In practice, this lets you run all Bronze contracts in parallel, then all Silver entity cleanses in parallel, then Gold dimensions/facts, and finally Gold marts/aggregates.

3. Parallelism

  • Orchestrators handle task-level parallelism.
  • LakeLogic engines are multi-threaded by default (Polars and DuckDB) so each task is efficient.

4. Missing Upstreams and Log Tables

When --window last_success is used, LakeLogic checks the run log table for upstream freshness.
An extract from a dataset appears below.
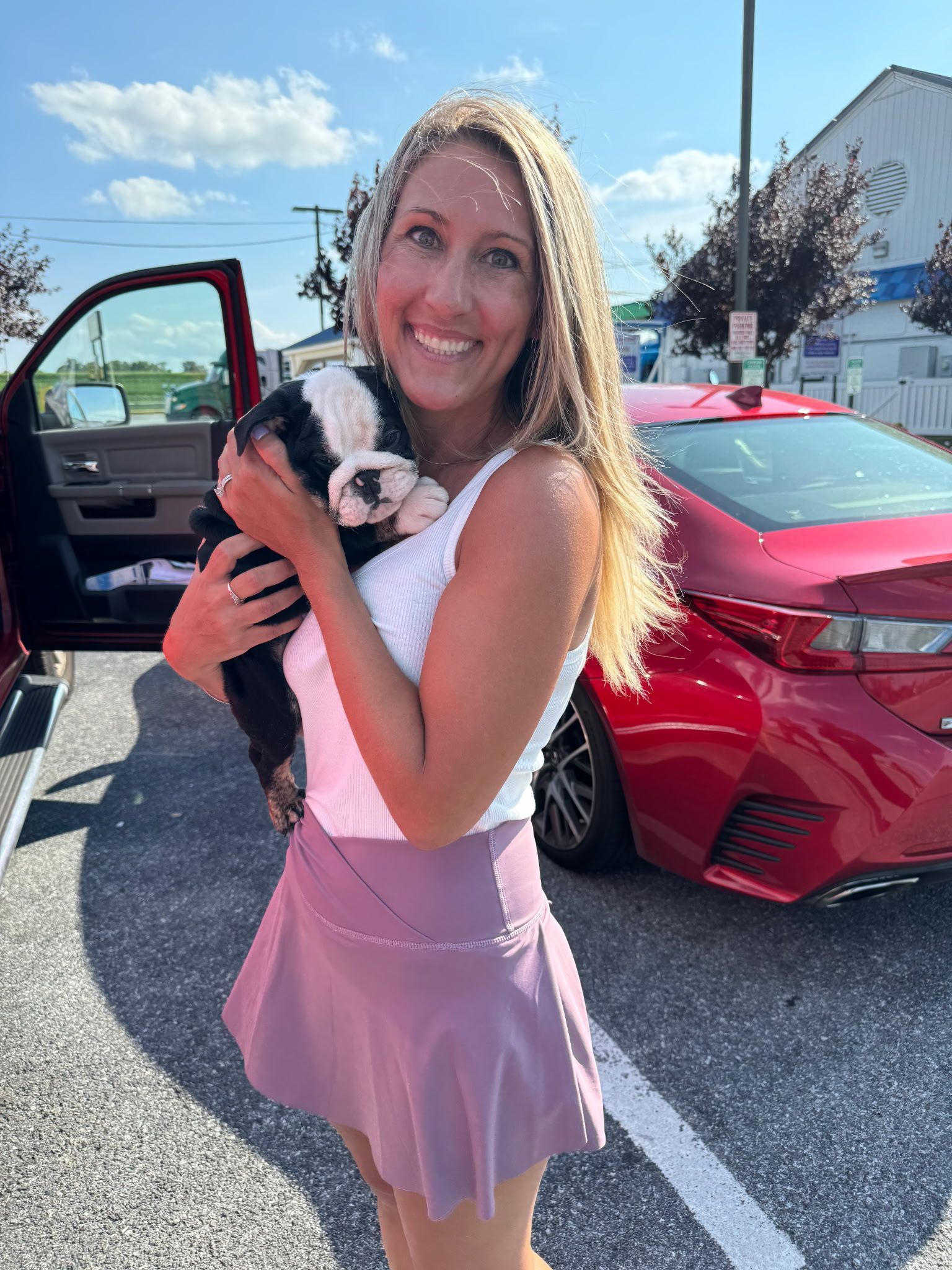 Woman with long blonde hair holds a black and white puppy while smiling outdoors, near a red car.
  • Missing log table/entry: The driver logs a warning and falls back to a full load.
  • Missing upstream: The driver skips the downstream contract and records the reason in the run summary.

This keeps pipelines safe by default without silently producing stale Gold data.

5. Gating Rules (When to Block Downstream)

Common policy:

  • Block downstream if dataset rules fail.
  • Block downstream if quarantine ratio exceeds a threshold.
  • Continue if only row-level quarantines exist and the threshold is acceptable.

Use the run log table to enforce this logic in your orchestrator.

6. Example Orchestrator Flow (Pseudo)

registry = load_all_contracts("contracts/")
DAG = build_dag_from_upstream(registry)

for node in topo_sort(DAG):
    report = run_contract(node)
    if report.dataset_rules_failed:
        stop_downstream(node)

You can implement this flow in Airflow, Dagster, Prefect, or any workflow engine you already use.

See Job Templates for concrete examples across Databricks, Synapse, Fabric, AWS, and more.

7. Run Summaries

Use --summary-path to write a JSON file with per-run metrics and per-contract statuses. This is useful for dashboards, alerting, and audit trails.